3. Similarly, another "second banana" NBA team is about to go on sale, and could fetch a similar $2 billion price tag -- or 10x higher than what owner Mikhail Prokhorov paid less than five years ago to buy the team.


Noah S. said...

[JN: This comment was originally posted to my Facebook and imported by me here to add to the discussion.]

Why can't both star athletes and team owners be considered overpaid?

Jay said...

Haha, ok, now that is fair. But the demonization of athletes exclusively to me is representative of a broader disdain for laborers in favor of (capital) owners

Andrew T said...

I'm curious what prompted this. Personally it's a no brainer to me that big money investors are one of the most absurdly overpaid classes of society.

But maybe I'm just not in touch with sports fans frequently enough to have a good read on the public vibe. Who is demonizing the athletes these days? (Aside from Fox News, who'll demonize anyone if it means they can further extol the virtues of billionaire greed, obviously.)

Jay said...

Andrew, no specific recent incident prompted this, just an observation I've long had as a sports fan. As stated in the post, in the past few years, in both the NFL and NHL owners have successfully wrested away a larger share of revenues than before. Fans buy into the "overpaid" star routine, instinctively willing to criticize players who "get paid millions to play a game".

Andrew T said...

[JN: This comment is excerpted from an email I received in response both to this post and this story about Julius Thomas' contract situation with the Broncos.]

I guess when I first read your post, I focused more on the broader bargaining picture, for instance the 2011 CBA, because I tend to follow those stories more than the gossip about any individual player's negotiation. In that context, I do feel like the average person tends to favor the players (despite the actual negotiations going the other way entirely, boo). Given the choice between the owner class and the performer class, it's pretty easy to pick the 99% of the 1% over the 1% of the 1%. I felt the same way with the replacement ref debacle - though probably everyone's instinctive hatred of refs caused some inertia, which finally broke when we saw how bad it could really get haha.

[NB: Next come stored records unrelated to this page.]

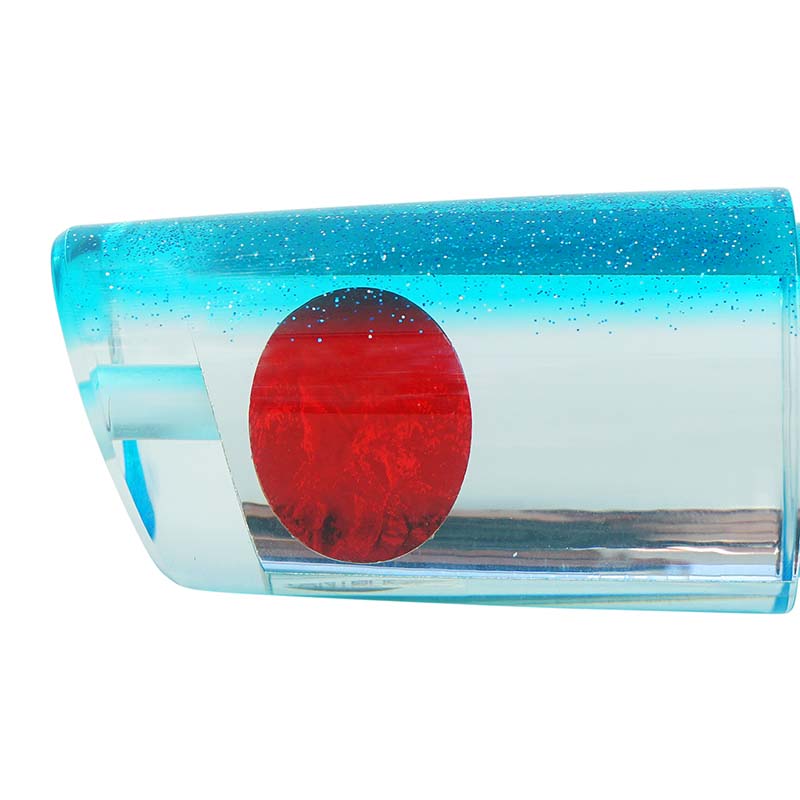 Load image into Gallery viewer, TANTRUM Lures Large Kaboom-Lure - Skirted Trolling-Tantrum-Ice Blue Head-Fishing Station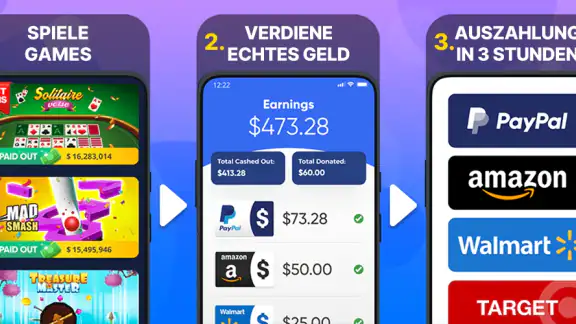 JustPlay: Spielen & Verdienen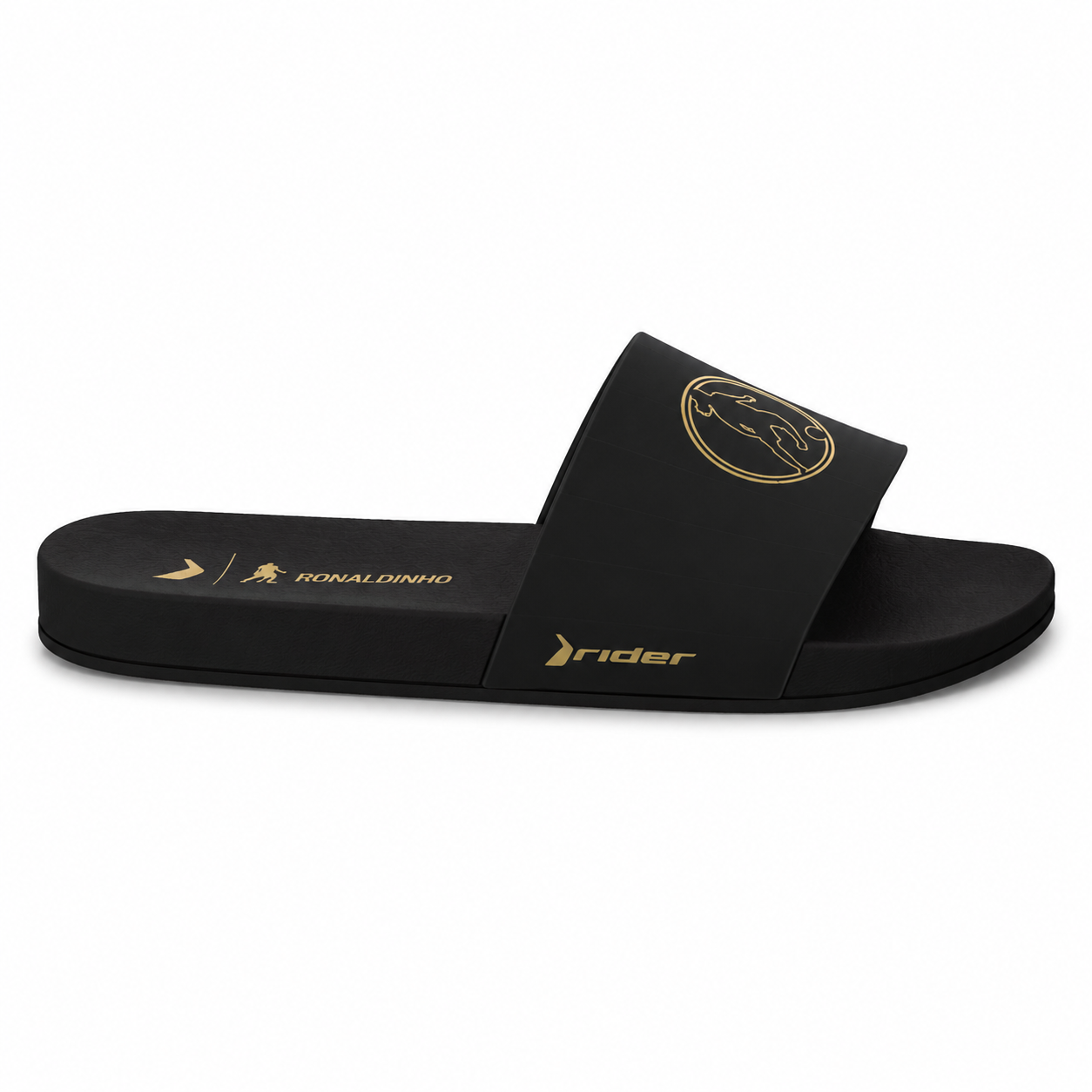 Sandalia Negro Hombre R10 Rider-0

But perhaps I missed your point - that it IS easy to back the players when the classes are broken down so clearly, but in most cases they AREN'T. I certainly appreciate that when you're hearing about the player's salary without also getting a peek at the owner's tax return, people will quickly forget half of the equation.


Final thing: "Financial security." To me, invoking this is a dishonest argument, and dishonest arguments are the fastest way to undermine advocacy, so easy for the other side to call out and taint your entire agenda with bad faith. I feel like I see it far too often, some well-meaning writer pushing the rhetoric just a bit too far in the name of a good cause, and it makes me crazy. Thomas's last 4 years earned him over $2 million, and he could've had $8 million more for the next year alone. Let's say next year is all he gets and he somehow only takes home a third of that total. Sorry, Deadspin, but $3 million is STILL financial security. Yes, it's possible to fritter it all away in a heartbeat*, and it's possible you might have to go back to college or get a job, but I don't think most people's definition of "secure" is "never have to work another second". And if $8 million a year somehow isn't financial security, I don't really see how $10 million is. He's not looking for financial security, he's looking for financial luxury.

And that's fine! The players deserve it! (At least, they deserve it more than the owners.) Why not have luxury, when a fair share of the profits of the industry is unquestionably luxurious? That was the argument you made, and I agreed. But Deadspin recognized that negotiating for luxury, even completely justifiably, doesn't sound as good as "financial security", so they recast the argument, and now they sound like assholes, in the name of a good cause.